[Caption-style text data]
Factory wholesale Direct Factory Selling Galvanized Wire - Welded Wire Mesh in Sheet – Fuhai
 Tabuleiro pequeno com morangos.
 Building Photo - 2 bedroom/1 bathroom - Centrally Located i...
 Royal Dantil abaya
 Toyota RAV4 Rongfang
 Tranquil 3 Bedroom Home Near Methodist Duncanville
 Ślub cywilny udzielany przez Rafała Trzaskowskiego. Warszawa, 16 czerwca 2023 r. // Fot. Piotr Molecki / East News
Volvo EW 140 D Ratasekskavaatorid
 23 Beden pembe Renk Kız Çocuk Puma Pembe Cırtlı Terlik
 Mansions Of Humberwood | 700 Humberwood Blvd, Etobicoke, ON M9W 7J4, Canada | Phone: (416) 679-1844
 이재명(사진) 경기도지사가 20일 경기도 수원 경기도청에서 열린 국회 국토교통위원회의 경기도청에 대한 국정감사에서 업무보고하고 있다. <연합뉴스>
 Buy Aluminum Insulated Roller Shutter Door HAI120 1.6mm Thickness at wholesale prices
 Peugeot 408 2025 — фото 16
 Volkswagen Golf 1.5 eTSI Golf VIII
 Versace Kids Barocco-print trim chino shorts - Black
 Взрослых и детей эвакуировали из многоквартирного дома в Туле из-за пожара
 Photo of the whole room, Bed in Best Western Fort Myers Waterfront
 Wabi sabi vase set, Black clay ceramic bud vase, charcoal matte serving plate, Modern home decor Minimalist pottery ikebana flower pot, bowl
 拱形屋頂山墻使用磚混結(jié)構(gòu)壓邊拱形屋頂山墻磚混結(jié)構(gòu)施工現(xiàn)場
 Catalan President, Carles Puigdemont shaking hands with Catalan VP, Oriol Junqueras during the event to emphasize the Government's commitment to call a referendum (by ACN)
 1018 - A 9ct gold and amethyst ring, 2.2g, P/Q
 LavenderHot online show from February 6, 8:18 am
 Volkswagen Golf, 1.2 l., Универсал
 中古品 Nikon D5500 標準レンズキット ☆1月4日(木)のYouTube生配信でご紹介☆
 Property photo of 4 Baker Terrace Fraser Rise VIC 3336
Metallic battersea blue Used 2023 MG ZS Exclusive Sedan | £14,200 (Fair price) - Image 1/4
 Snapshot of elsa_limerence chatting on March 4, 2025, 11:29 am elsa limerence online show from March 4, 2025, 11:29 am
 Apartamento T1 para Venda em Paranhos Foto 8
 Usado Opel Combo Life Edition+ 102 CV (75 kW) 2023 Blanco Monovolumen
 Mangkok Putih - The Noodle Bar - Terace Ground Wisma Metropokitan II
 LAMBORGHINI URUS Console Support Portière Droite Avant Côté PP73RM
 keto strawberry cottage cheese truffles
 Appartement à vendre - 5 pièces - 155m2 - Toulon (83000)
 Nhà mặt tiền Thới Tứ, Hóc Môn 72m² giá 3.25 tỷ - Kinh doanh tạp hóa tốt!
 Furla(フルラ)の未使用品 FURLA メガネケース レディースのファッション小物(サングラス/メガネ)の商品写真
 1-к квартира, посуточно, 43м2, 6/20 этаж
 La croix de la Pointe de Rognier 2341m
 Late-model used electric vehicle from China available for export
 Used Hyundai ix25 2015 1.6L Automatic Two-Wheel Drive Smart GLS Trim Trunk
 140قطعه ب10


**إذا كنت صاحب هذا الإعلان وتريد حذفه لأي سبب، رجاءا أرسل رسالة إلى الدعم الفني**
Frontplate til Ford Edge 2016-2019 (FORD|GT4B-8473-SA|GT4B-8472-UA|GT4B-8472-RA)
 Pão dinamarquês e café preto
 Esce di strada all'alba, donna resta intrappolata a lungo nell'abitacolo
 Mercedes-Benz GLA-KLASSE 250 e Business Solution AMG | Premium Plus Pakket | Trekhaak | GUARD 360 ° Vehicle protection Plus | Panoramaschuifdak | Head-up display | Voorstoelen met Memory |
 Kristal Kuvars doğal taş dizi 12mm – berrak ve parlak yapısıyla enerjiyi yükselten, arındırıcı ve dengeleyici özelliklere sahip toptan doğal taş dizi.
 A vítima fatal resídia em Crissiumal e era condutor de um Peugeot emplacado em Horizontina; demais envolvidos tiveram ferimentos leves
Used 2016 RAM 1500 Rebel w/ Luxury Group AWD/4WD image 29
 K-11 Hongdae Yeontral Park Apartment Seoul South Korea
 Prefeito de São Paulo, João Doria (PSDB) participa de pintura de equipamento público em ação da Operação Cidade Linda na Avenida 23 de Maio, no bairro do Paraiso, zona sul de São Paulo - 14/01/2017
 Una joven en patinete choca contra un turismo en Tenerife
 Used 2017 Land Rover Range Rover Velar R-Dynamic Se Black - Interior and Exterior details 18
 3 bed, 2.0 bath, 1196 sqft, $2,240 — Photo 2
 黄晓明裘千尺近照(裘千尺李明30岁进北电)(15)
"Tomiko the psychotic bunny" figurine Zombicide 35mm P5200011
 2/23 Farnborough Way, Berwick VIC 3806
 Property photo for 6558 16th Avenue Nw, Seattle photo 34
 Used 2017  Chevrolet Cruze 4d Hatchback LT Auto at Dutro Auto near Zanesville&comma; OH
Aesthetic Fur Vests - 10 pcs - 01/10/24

# Task objective:
Using the records above, set down exactly the lines from the one with "Volkswagen Golf, 1.2 l., Универсал" through the one with "Frontplate til Ford", inclusive, and nothing more.

# Task answer:
 Volkswagen Golf, 1.2 l., Универсал
 中古品 Nikon D5500 標準レンズキット ☆1月4日(木)のYouTube生配信でご紹介☆
 Property photo of 4 Baker Terrace Fraser Rise VIC 3336
Metallic battersea blue Used 2023 MG ZS Exclusive Sedan | £14,200 (Fair price) - Image 1/4
 Snapshot of elsa_limerence chatting on March 4, 2025, 11:29 am elsa limerence online show from March 4, 2025, 11:29 am
 Apartamento T1 para Venda em Paranhos Foto 8
 Usado Opel Combo Life Edition+ 102 CV (75 kW) 2023 Blanco Monovolumen
 Mangkok Putih - The Noodle Bar - Terace Ground Wisma Metropokitan II
 LAMBORGHINI URUS Console Support Portière Droite Avant Côté PP73RM
 keto strawberry cottage cheese truffles
 Appartement à vendre - 5 pièces - 155m2 - Toulon (83000)
 Nhà mặt tiền Thới Tứ, Hóc Môn 72m² giá 3.25 tỷ - Kinh doanh tạp hóa tốt!
 Furla(フルラ)の未使用品 FURLA メガネケース レディースのファッション小物(サングラス/メガネ)の商品写真
 1-к квартира, посуточно, 43м2, 6/20 этаж
 La croix de la Pointe de Rognier 2341m
 Late-model used electric vehicle from China available for export
 Used Hyundai ix25 2015 1.6L Automatic Two-Wheel Drive Smart GLS Trim Trunk
 140قطعه ب10


**إذا كنت صاحب هذا الإعلان وتريد حذفه لأي سبب، رجاءا أرسل رسالة إلى الدعم الفني**
Frontplate til Ford Edge 2016-2019 (FORD|GT4B-8473-SA|GT4B-8472-UA|GT4B-8472-RA)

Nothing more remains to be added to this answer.